Genau. Die Freier kriegen in anderen Ländern zum Beispiel erst mal einen Brief nach Hause geschickt. Auf diesem Weg wird ein Bewusstsein geweckt für das Unrecht dieser Situation. Gleichzeitig ist dieses Modell verbunden mit Ausstiegshilfen für Frauen. Wir wissen ja, 95 Prozent der Frauen in der Prostitution in Deutschland kommen aus den ärmsten Ländern. Sie können oft kein Wort Deutsch, werden wie Frischfleisch verladen und oft auch vergewaltigt, damit sie wirklich fertig sind und die Freier bedienen. Mein Kampf gegen die Prostitution ist die aktive, unterstützende Solidarität mit den Frauen, die in der Prostitution sind, und der Kampf gegen das System, mit dem vorwiegend Manner Milliarden machen. Das Schlimmste, sagen manche Prostituierte, ist noch nicht mal, die Beine breitzumachen, sondern dass er immer recht hat. Die Frau wird ja nicht nur körperlich gekauft, sondern auch seelisch. Ich halte die Prostitution für den dunklen Kern des Geschlechterverhältnisses. Eine Gesellschaft, die Prostitution nicht ächtet, kann keine gleichberechtige Gesellschaft sein. Da weiche ich keinen Millimeter zurück.

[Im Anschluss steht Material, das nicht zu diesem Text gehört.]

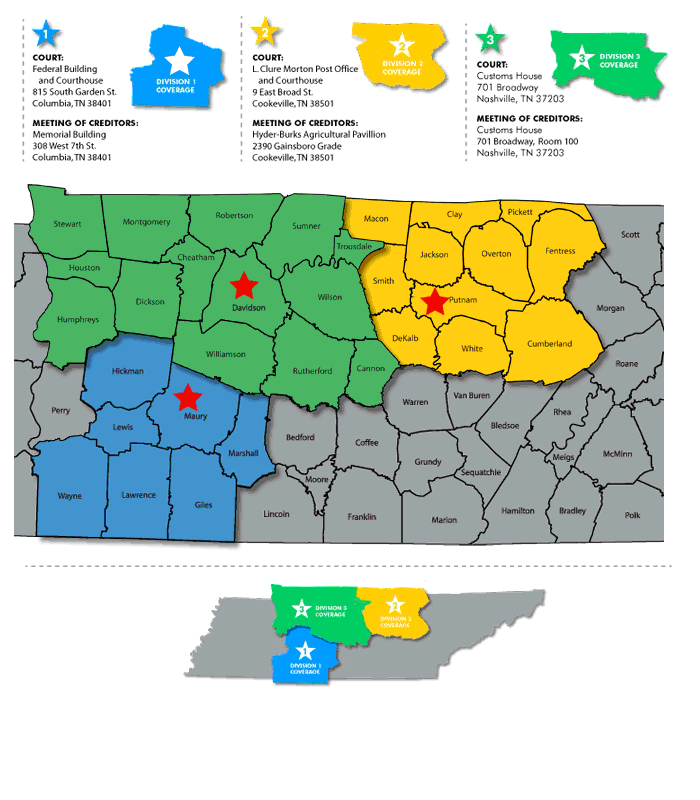 Court Locations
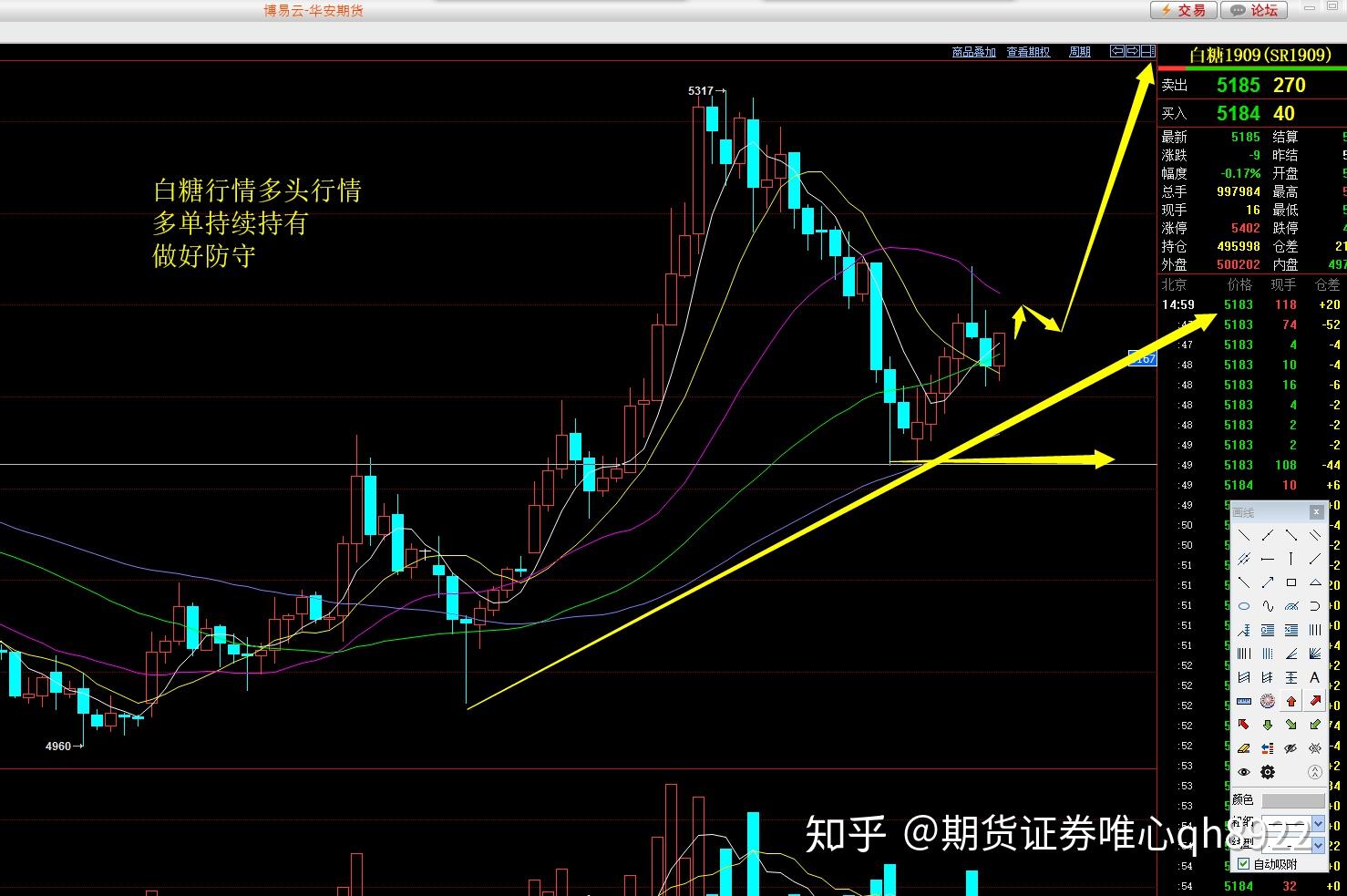 期货交易实盘分析0710期评 知乎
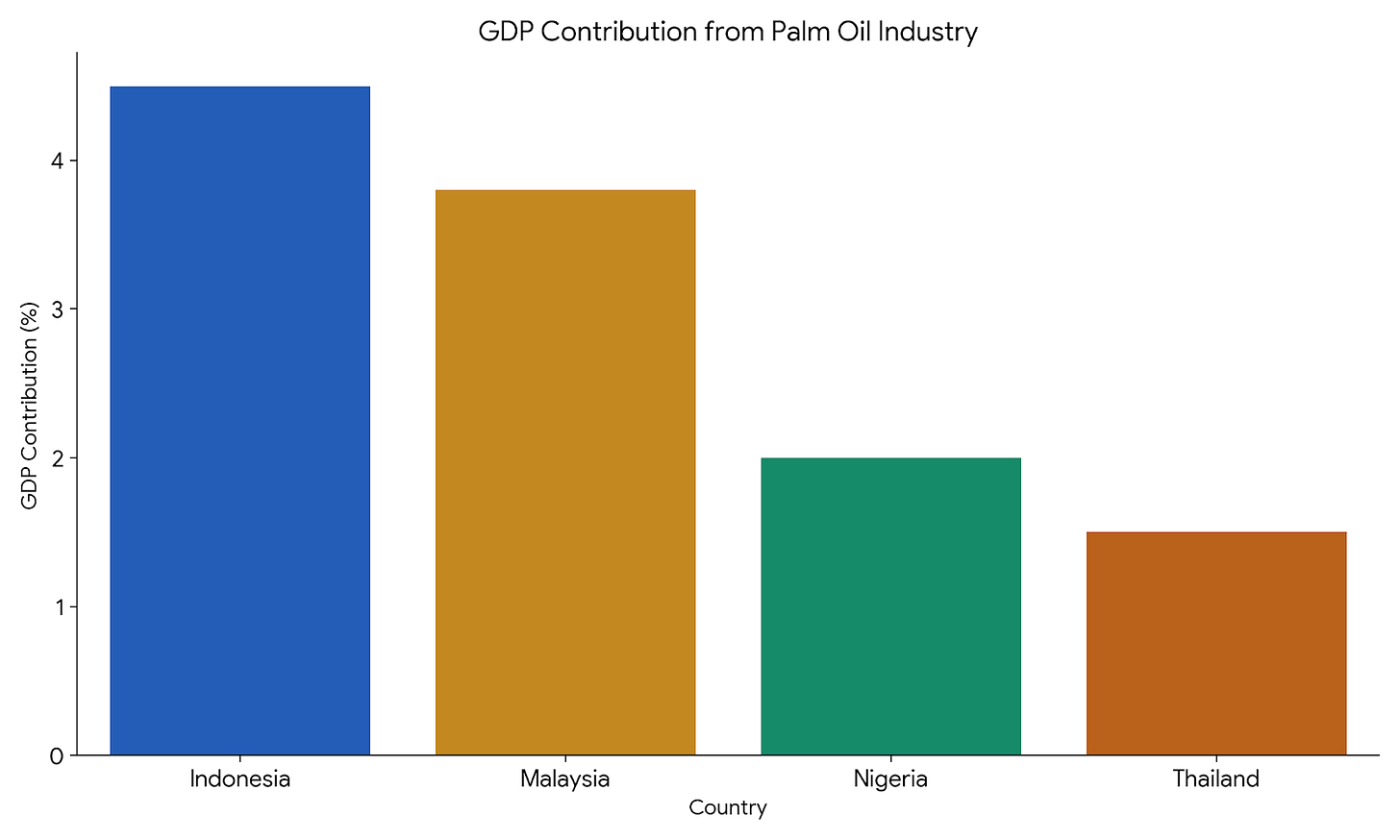 GDP Contribution from Oil Palm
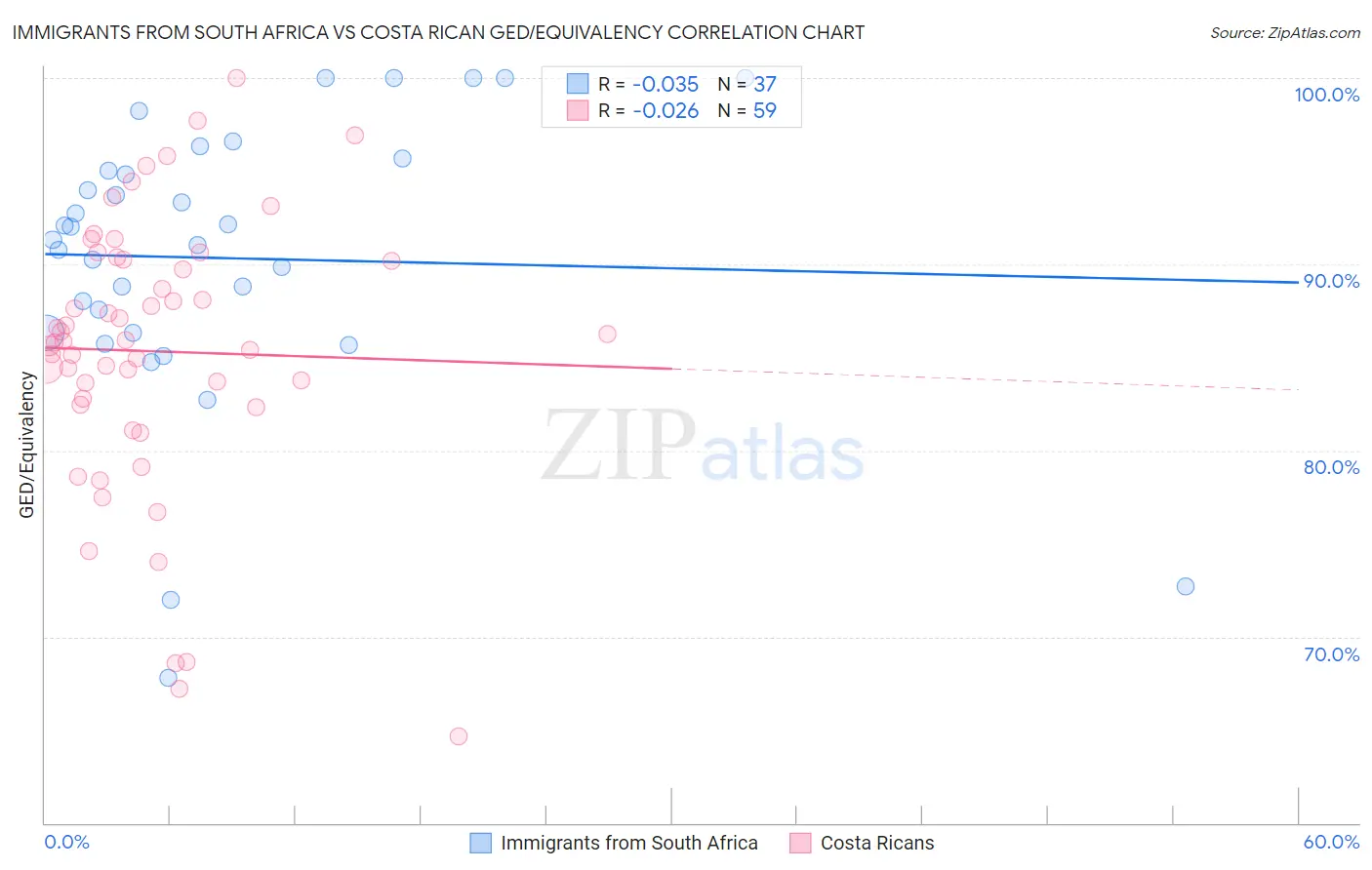 Immigrants from South Africa vs Costa Rican GED/Equivalency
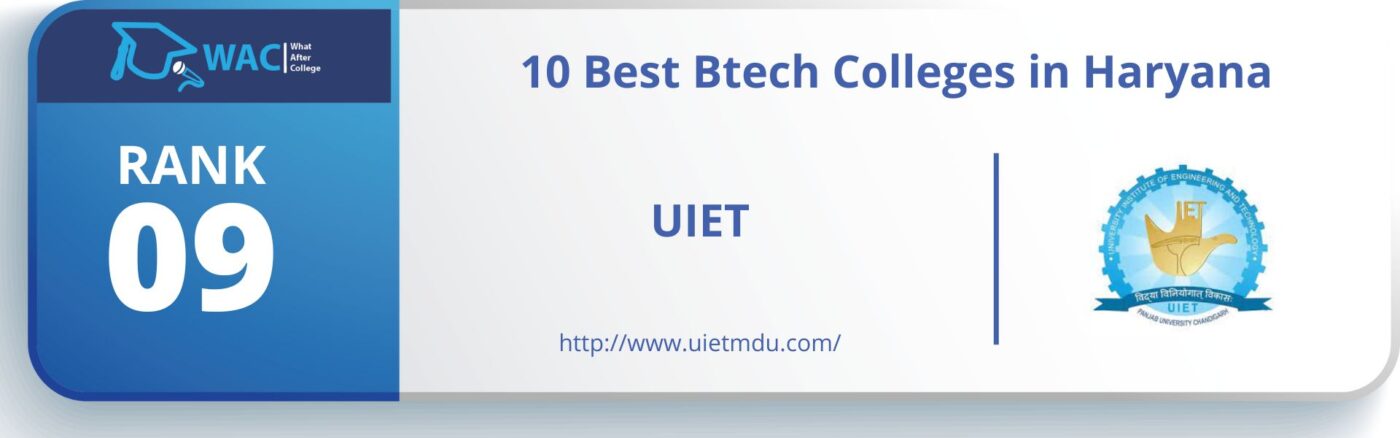 best btech colleges in haryana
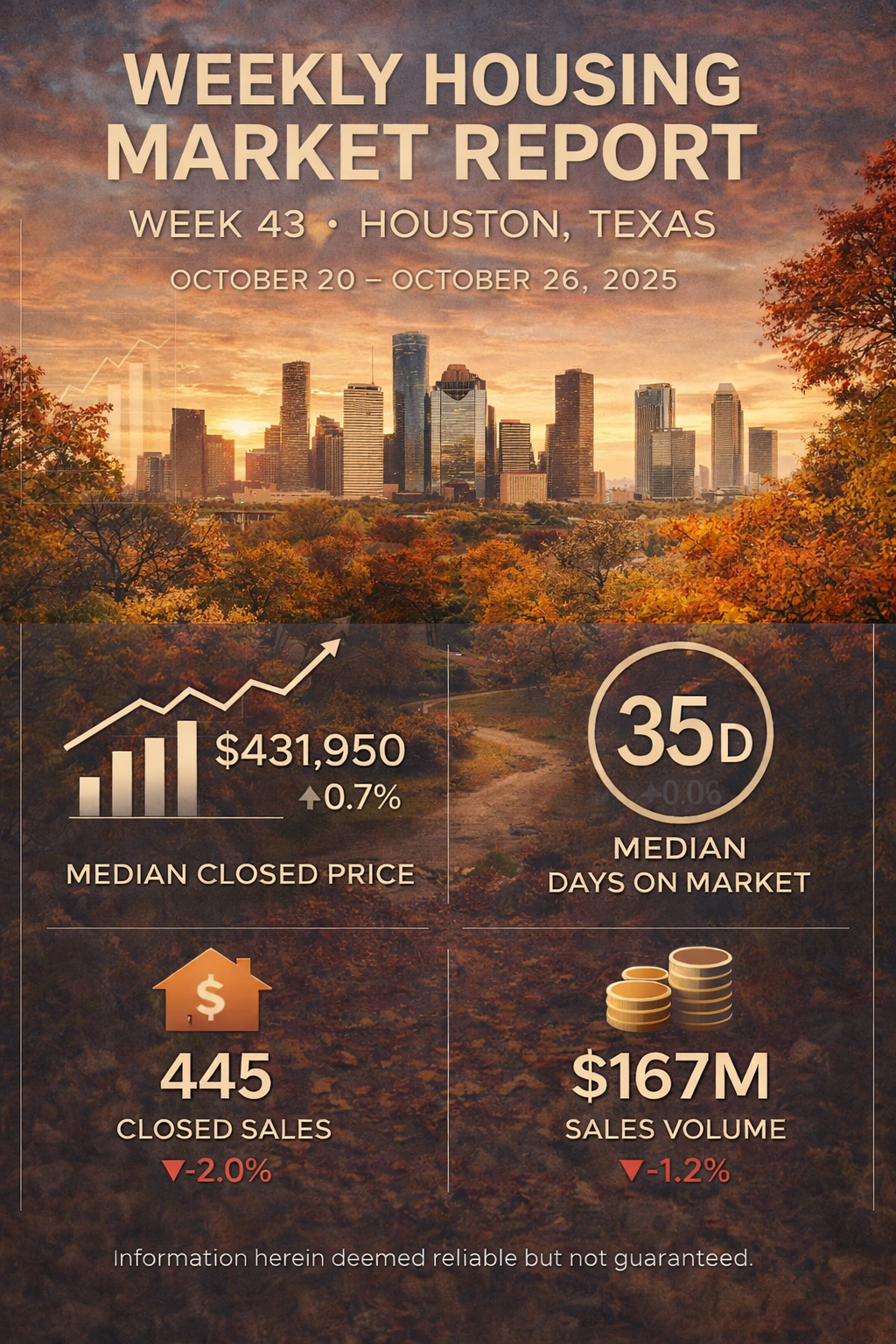 Weekly Housing Market Report – Houston, Texas – Week 43: October 20 – October 26, 2025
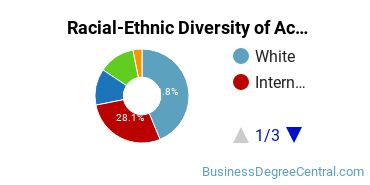Racial-Ethnic Diversity of Accounting Majors at Concordia University, Saint Paul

Es gibt nicht wenige junge Frauen, die sagen, Alice Schwarzer ist unsere Gegnerin, unser Feindbild. Das muss Sie doch treffen, oder?

Es gibt auch ältere Frauen, die Alice Schwarzer nicht gut finden. Und nicht wenige junge Frauen, die mich toll finden und sagen: Alice Schwarzer ermutigt mich. Ich halte dieses ganze Generationsgerede in Wahrheit für ein Medien-Manöver, ein politisches Manöver von außen zur Spaltung der Frauengenerationen. Man suggeriert jungen Frauen, wir seien von gestern und alles, was wir gemacht haben, sei Quatsch, wir seien von gestern und unsexy. Also alles, was eine junge Frau nicht hören möchte. Man ermutigt sie, sich gegen uns zu richten. Was heißt das? Die Enkelinnen-Generation soll nicht von uns Pionierinnen lernen. Die sollen sich nicht auf unsere Schultern stellen können und weiter schauen und sagen: Es ist schon viel passiert, jetzt mach ich weiter. Sie sollen wieder bei Null anfangen. Ich halte diese Manöver der Spaltung der Generationen schon seit langem für eines der größten Hindernisse zum Fortschritt bei der Emanzipation. Da lacht das Patriarchat.